Member:Josh Franceschi(Vo)

Interviewer:山本 真由

-ちなみに、先月Twitterに若い頃の写真と今の写真の比較をアップしていましたが、音楽性とファッションの変化がリンクしていて面白かったです。また、リアクションを見ていると、バンドだけでなく、ファンも一緒に成長してきた歴史が感じられて素敵だなと思いました。

(笑)ほんと、正直言って素晴らしいことだと思うよ。結成当時からファンがついてきてくれる、こういう立場になれてとてもラッキーだと感じるね。素晴らしいことだよ。そうありふれたことではないこともわかっている。それに、バンドとして7枚目を出せる状態というのもなかなかないことだし、しかも、10年以上も積極的に僕たちの音楽を聴いてもらえるというのはね。そういう意味でも僕たちは特筆すべき場所にいると思う。そう、ああいう昔と今との比較みたいなのはいつも楽しいよね。ファンも楽しんでくれているんだ。いいことだし、なかなかないことだと思う。友達のバンドも多くが出てきては去っていったけど、その間も僕たちはバンドとしての形を維持することができたし、今でもやっていけるのはとてもラッキーだよ。

-メンバーもお互いにずっとついてきていますよね。1stアルバム『Take Off Your Colours』(2008年リリース)から変わらぬメンバーで活動を続けていますが、メンバーとはどうやってバンドの方向性や好みを共有しているのですか? 意見が分かれてしまうこともあるのでしょうか。

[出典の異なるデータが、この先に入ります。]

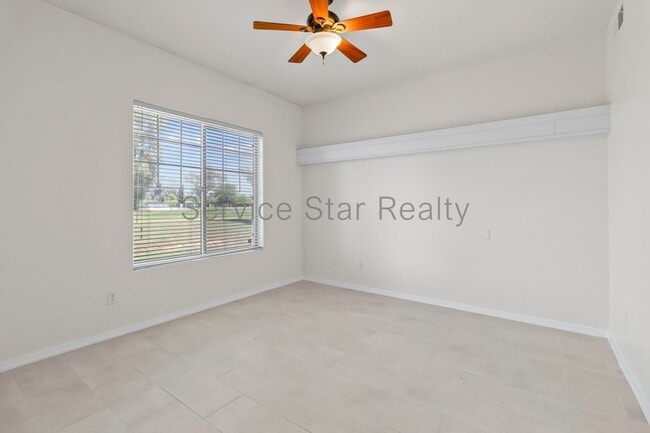 Building Photo - 11000 N 77th Pl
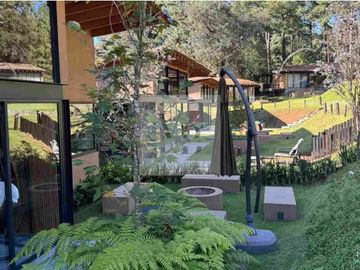Venta de casa moderna en condominio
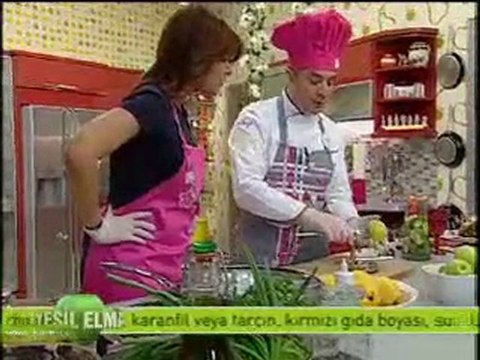 2 OKTAY USTA Yeşil elma soyma performansı
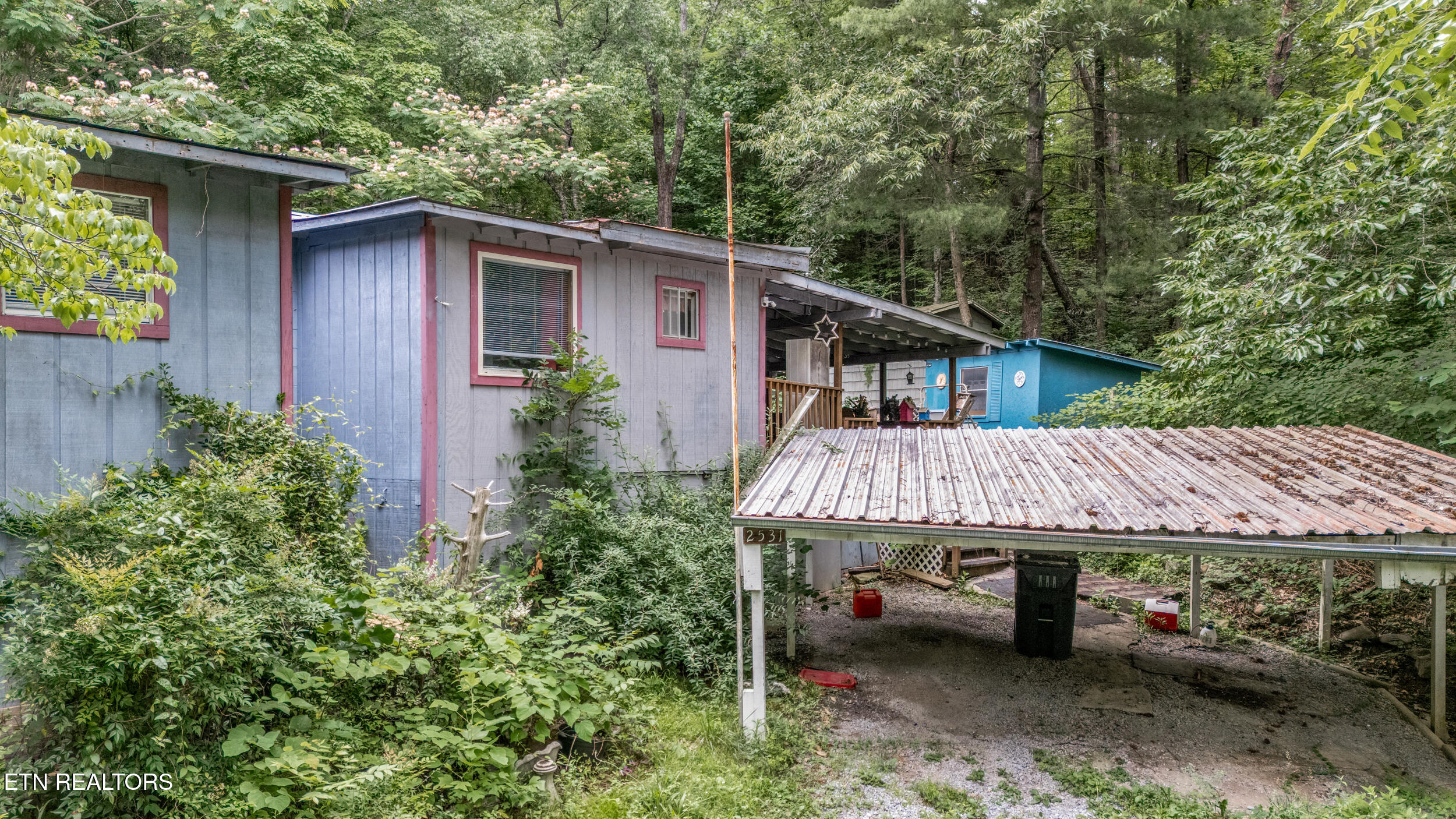 2531 Ridge Road Pigeon Forge TN 37863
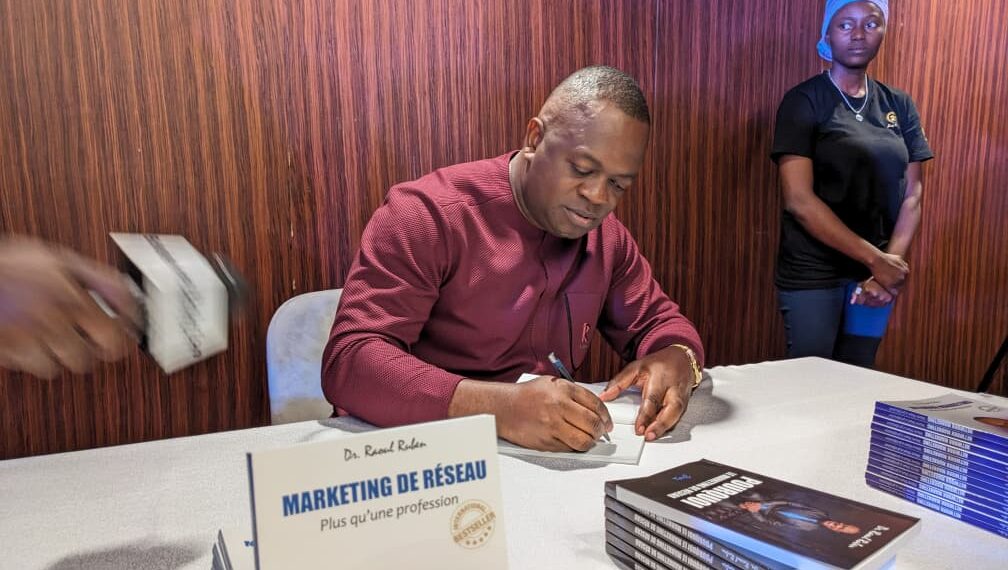 Business : le Dr. Raoul Ruben démystifie le markéting de réseau avec deux livres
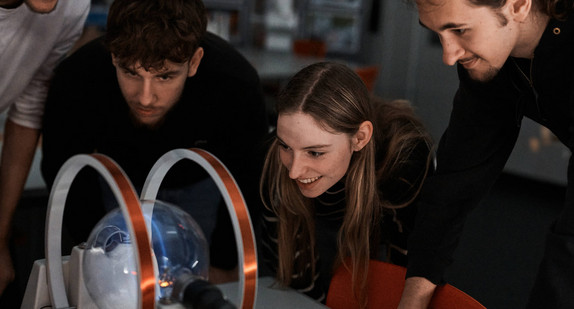 Schülerinnen und Schüler bei einem naturwissenschaftlichen Experiment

人生には、健全なディベートがあることがすごく大事だと思うんだ。それがあるからこそ、人間としてもアーティストとしても成長できるからね。いつも意見が合っているわけじゃないし、別の人間が言っていることに常に耳を傾けているわけでもない。でも、それって自然なことだし、人生ってそんなものじゃないかな。僕たちは本当にたくさんのことを一緒にやってきたけど、それはそれだけの信頼があってのことなんだ。僕が何かをすごく強く信じていて他の誰かも別の何かをすごく強く信じている場合、相手を信頼して、そいつが言っていることが正しいと考えてついていく必要があるときもある。ユニットとしてとても長い間やっているから、友人としても人間としても一緒に成長していくという選択肢以外ありえないんだ。

-なるほど。では、今作の話に戻りますね。まずタイトルですが、"Suckapunch"の意味について教えてください。これは造語なんでしょうか?

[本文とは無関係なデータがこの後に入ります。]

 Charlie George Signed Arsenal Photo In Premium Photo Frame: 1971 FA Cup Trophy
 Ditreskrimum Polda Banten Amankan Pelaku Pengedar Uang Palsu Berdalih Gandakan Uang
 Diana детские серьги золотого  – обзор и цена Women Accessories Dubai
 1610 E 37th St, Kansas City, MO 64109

"Suckapunch"というのは、何か予期せぬことや、ショッキングなことに遭遇することを表現した言葉なんだ。"うわ、Suckapunchだな"というのは、起こると思っていなかったことに遭遇したときの様子を要約しているんだよ。

-"Out of the blue(青天の霹靂)"みたいなものですか。

その通りだよ。

-「MakeMefeelalive」のビデオであなたがいきなり殴られますよね。ああいうのをSuckapunchというのでしょうか。

そうだね(笑)。

-あのビデオは興味深いのでのちほどまた質問しますね。今回は、作業に打ち込むためにタイに行ってレコーディングをしたということですが、なぜタイだったのですか? また、現地で何かサプライズや影響はありましたか?

タイでレコーディングすることにしたのは、使ってみたいスタジオ(Karma Sound Studios)があったからだったと思う。とにかく日常生活から"アンプラグド"したかったんだよね。あのままイギリスにいたら、"今週末は実家に帰るよ"とか、友達やパートナーが入れ代わり立ち代わり来ていただろうし、どこかに逃避したかったという気持ちを全員が持っていたんだ。

-イギリスとは全然違いそうですからね。

うん。全然違うよ。

-それまでにタイに行ったことはありましたか?

いや。バンドとしてはなかったね。初めて経験できて良かったよ。

-いろんな驚きがあったのでは?

もちろん。現地は漁村のカルチャーがあったしね。タイの人たちはみんな心がきれいだなと思ったよ。振る舞いが良くて、とてもピュアで。歓迎されているなと思ったね。ありがたかったし、あの場所で過ごす時間ができて良かったなと。スタジオの人たちともコミュニケーションできたしね。本当にスペシャルな経験だったな。バンドとして行けて本当に良かったよ。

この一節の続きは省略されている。